File under: things that only Boondock ever found interesting or entertaining about me. In reality, my life changed the first time I ever set foot on the floor of the Chicago Board of Trade. All those childhood dreams of being the next Ryne Sandburg sank pretty quickly in the rushing river of tickers and bids and offers. Those aren't bids and asks, that equity-only stuff. It's bid or offered. I don't ask you a price, I offer you a price and I don't take your ask, I take your offer. Sorry E*Trade baby, I'm a stickler for such parlance accuracy.

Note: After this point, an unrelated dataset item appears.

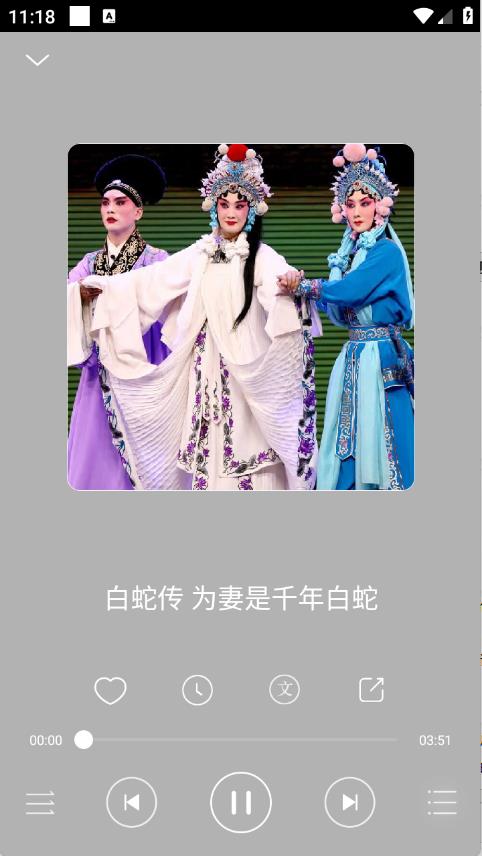 戏曲库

It's like the first time you ever got to count P&L in millions. That's when the director of our non-taxable desk told me to always remember that it's "just a job... and not your money", though I think he really meant those in inverse order of importance. Leave it to the guy in muni-land (the most retail focused of all market segments) to hold that view. At least the Harvard MBAs at Goldman Sachs really only mess with other lesser Harvard MBAs running large multi-national organizations. That whole Wall Street vs. Mainstreet sham only really exists in the land of punditry. It's much more Wall Street vs. Wall Street. The guys that hurt individual investors don't work in midtown, they're wealth managers and mid-tier brokers in CT or NJ that invest retail money in things they barely understand, not to mention their client's. Investment bankers are immoral and have agency issues, the latter group of guys are criminals and have competency issues. There is a difference between those two predicaments.

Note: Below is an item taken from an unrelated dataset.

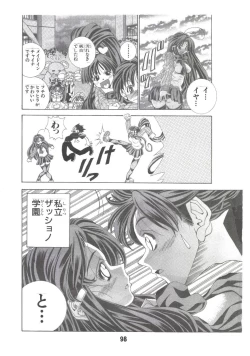 Page 97 of Eiken Makaizou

As for me, I've been lucky to always be on the buy side where I had no conflicts. I wanted to make money on every investment idea just as much for myself as for the clients whose money was being pushed around by some 20-something who spent his weekends with his head in CFA books instead of playing beer-pong in Alphabet-City. It worked out reasonably well. I covered financials in 2006-2009. Heck of a time to cut your teeth. Dinosaur quality by SPX: 666.

I'm told that I'm young yet, which is true by most measures. I've packed a lot into the last six years though. Figuring out what it all adds up to may be more a shell game at the moment. I have a lot left to do and a new appreciation for time. In any event, I'm at least in the right field and finding my way back to the exact right position in that field. It's like the first time you ever put a full-sized position on based on your work alone. Suddenly you dream in tick-values and it takes you a good week before you can do anything other than stare at the jacked excel spreadsheet you built in an effort to track your overall P&L for the fund. Eventually you calm down and just try to work harder and smarter than the other average looking white dudes who also know anyone who speaks on CNBC is either talking their book (the smart ones) or a self-aggrandizing laughing stock (the Jim Cramer syndrome).

I like it here. I'm better at this than most other things. I'm good with that. It isn't enough to sustain me in isolation but that is hard fought lesson I'm keeping with me.